▸ The problem
Make an exact copy of the lines from the one containing "Leather Wallet Case" through the end of the material, including both ends but no pictures.

• • • • •

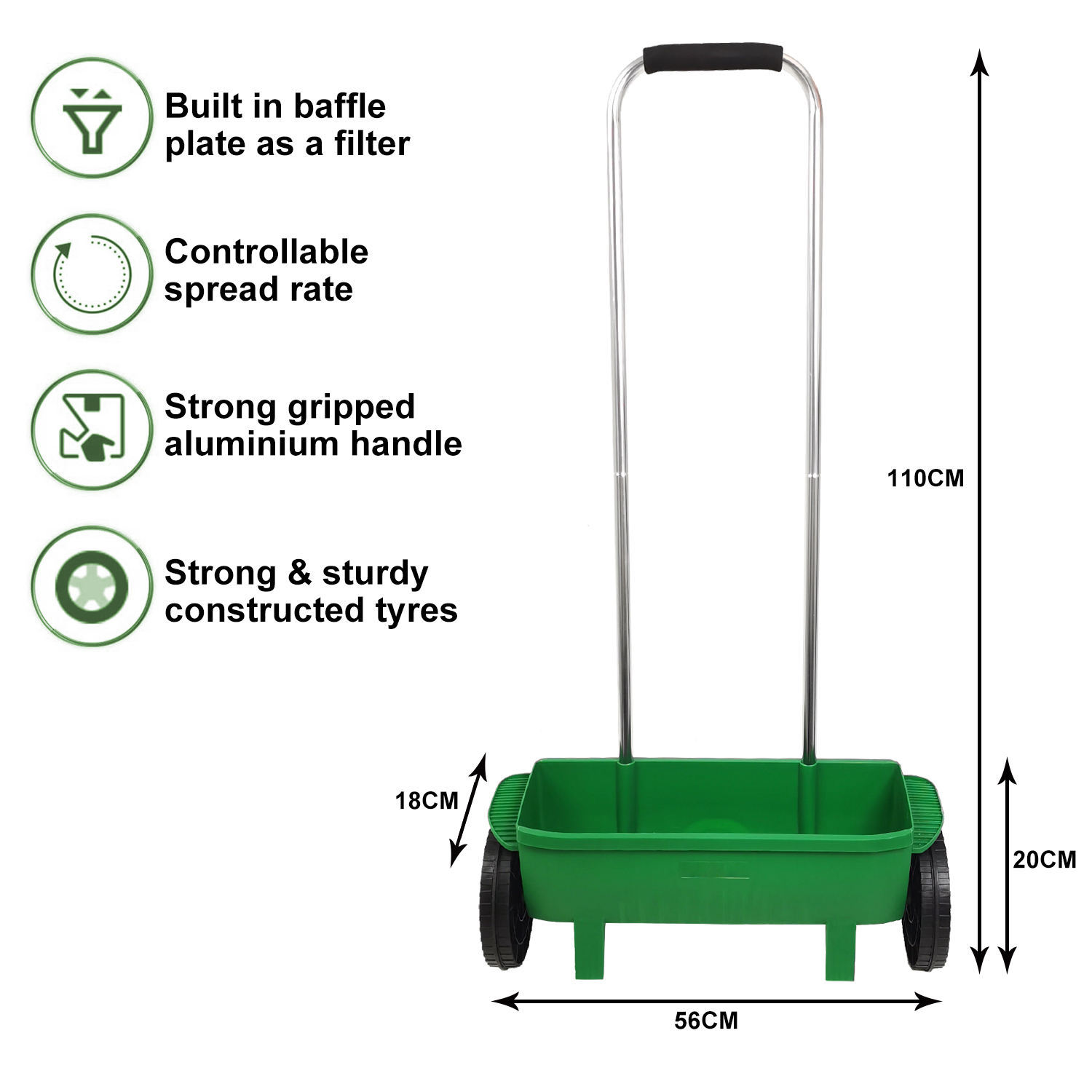 12L Push-type Plastic Seeder F - Grass Seed Spreader recension och pris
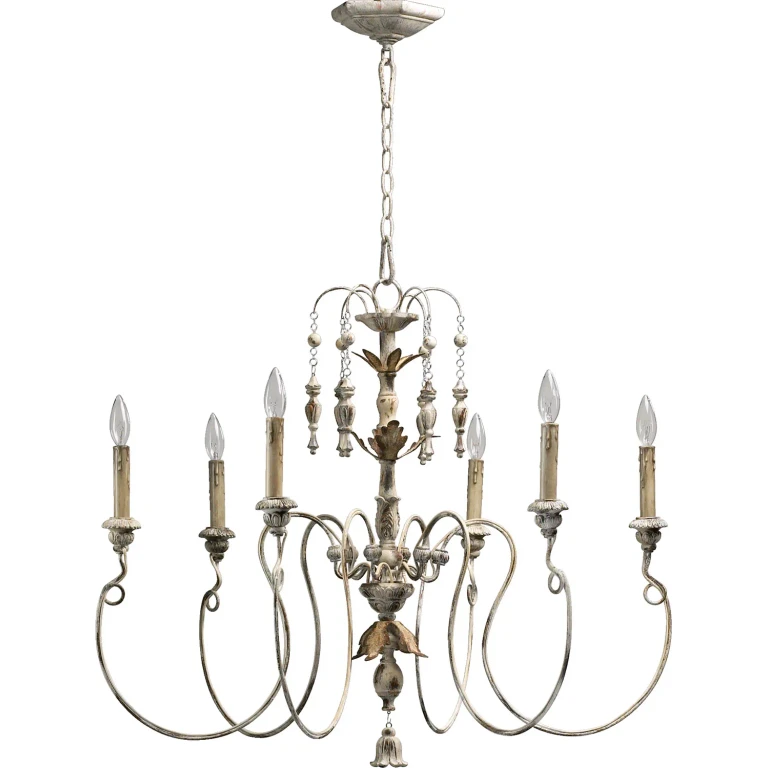 Persian White Six Light Chandelier from the Salento Collection
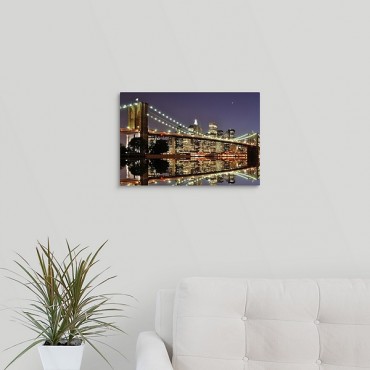Brooklyn Bridge At Night In New York City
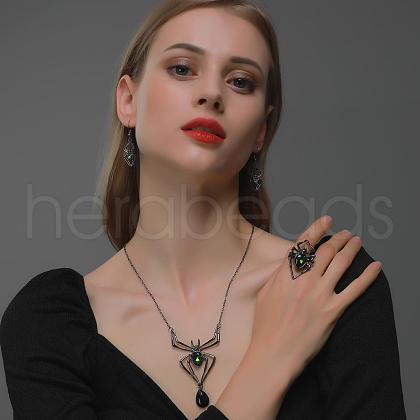 Spider Alloy Glass Dangle Earrings & Necklaces & Rings Sets WGD1EC4-04-1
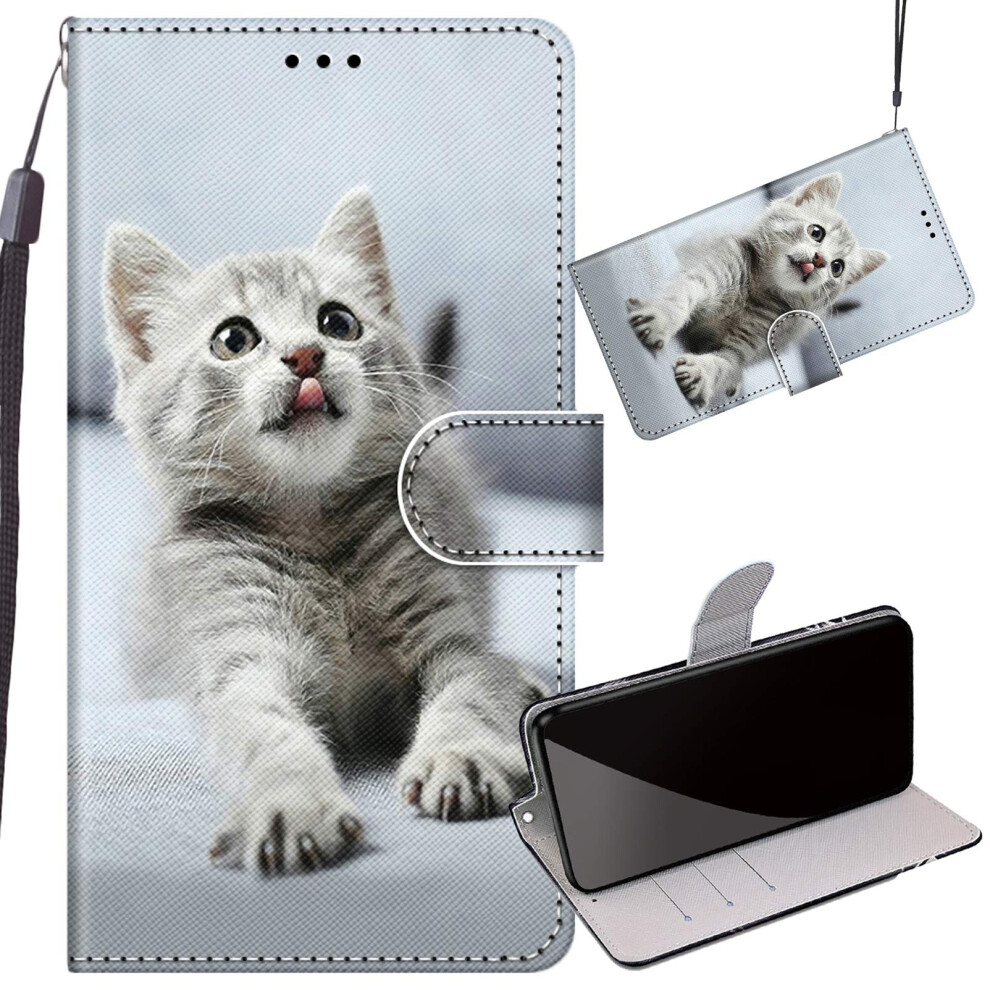 Leather Wallet Case With Cute Cat, Magnetic Closure, Card Slots And Kickstand For Iphone 14 Pro 9169991081410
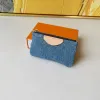 Modieuze en klassieke Franse merkontwerperportel voor mannen en vrouwen Vintage denim rits zul -portemonnee keycase houder met originele doos maat 12 * 7 * 1,5 cm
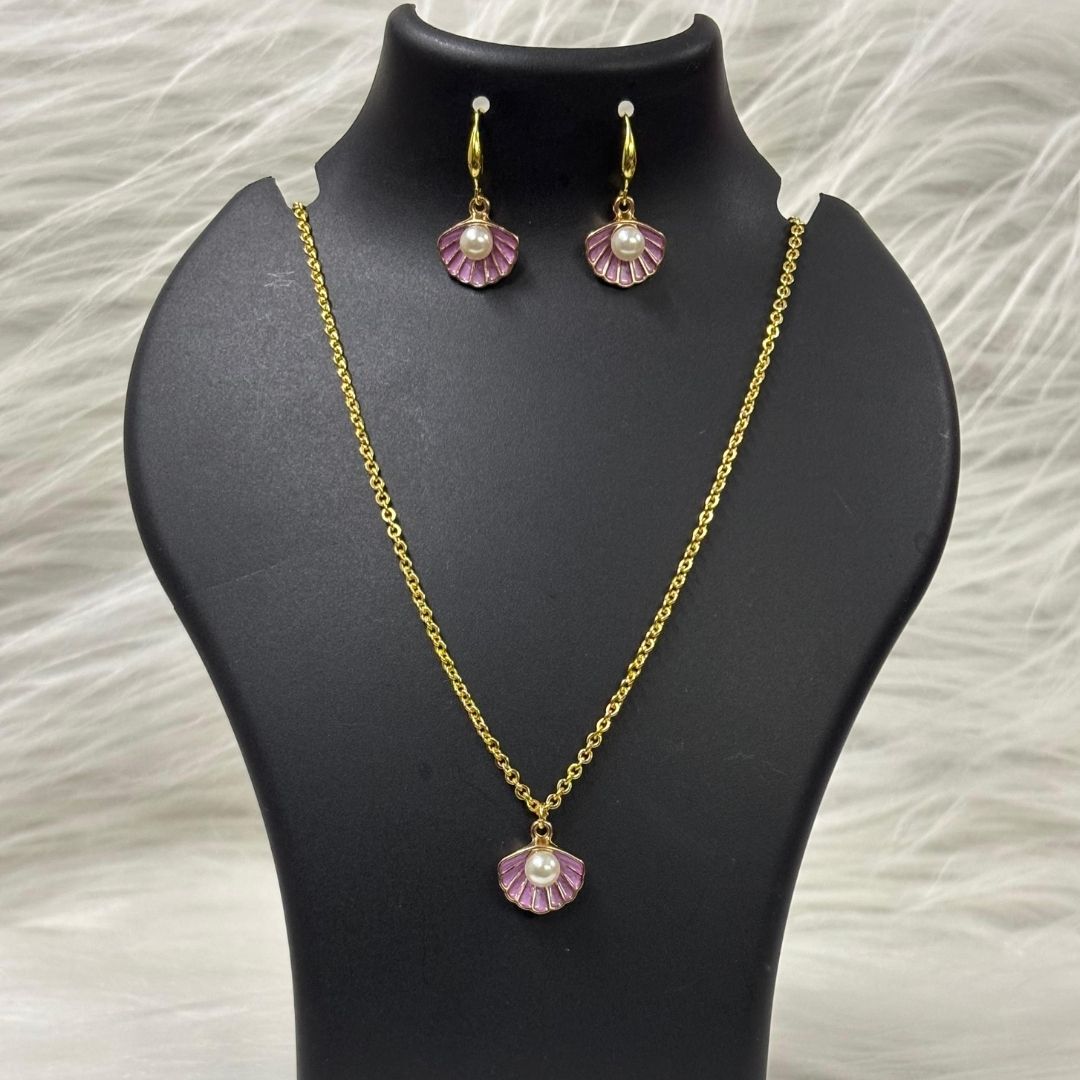 Gold Plated Ocean Grace Purple Enamel & Pearl Shell Pendant Set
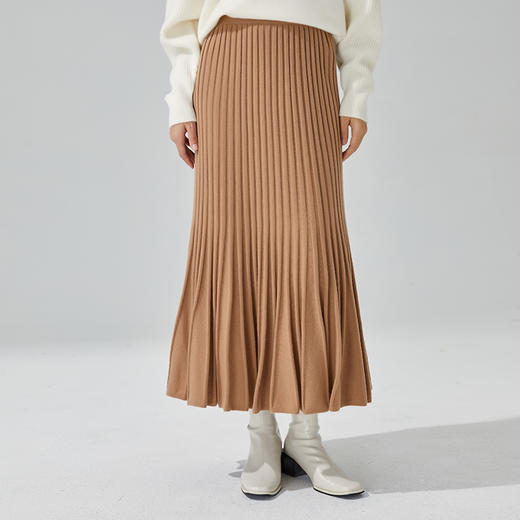 东黎 • 小山羊绒女士秋冬马尔代夫阳光鱼尾百褶裙 3418 商品图4
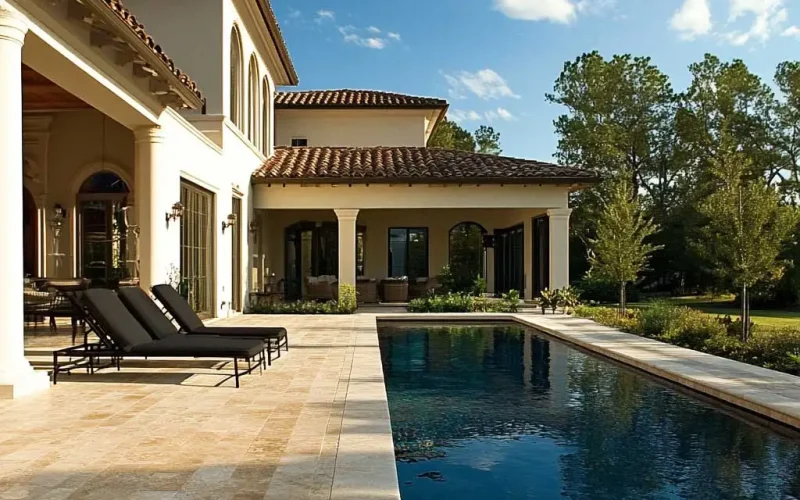 Elegant pool with travertine coping, showcasing natural stone beauty and seamless integration with the pool deck.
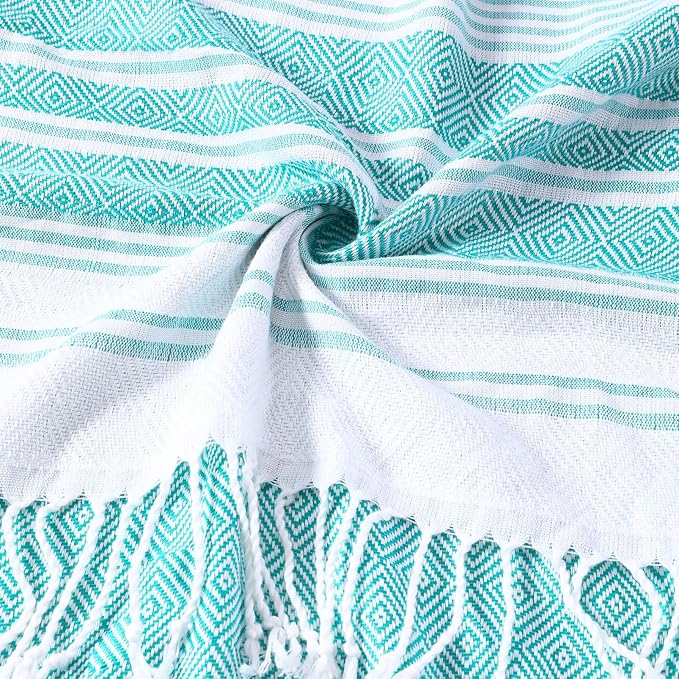 Genovega Oversized Cotton Turkish Beach Bath Towel Set 74"x38" Extra Large Sand Free Quick Dry Swim Camping Pool Clearance Towels Travel Blanket Adult Essentials Stripe Greens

• • • • •

▸ Finished task
 Leather Wallet Case With Cute Cat, Magnetic Closure, Card Slots And Kickstand For Iphone 14 Pro 9169991081410
 Modieuze en klassieke Franse merkontwerperportel voor mannen en vrouwen Vintage denim rits zul -portemonnee keycase houder met originele doos maat 12 * 7 * 1,5 cm
 Gold Plated Ocean Grace Purple Enamel & Pearl Shell Pendant Set
 东黎 • 小山羊绒女士秋冬马尔代夫阳光鱼尾百褶裙 3418 商品图4
 Elegant pool with travertine coping, showcasing natural stone beauty and seamless integration with the pool deck.
 Genovega Oversized Cotton Turkish Beach Bath Towel Set 74"x38" Extra Large Sand Free Quick Dry Swim Camping Pool Clearance Towels Travel Blanket Adult Essentials Stripe Greens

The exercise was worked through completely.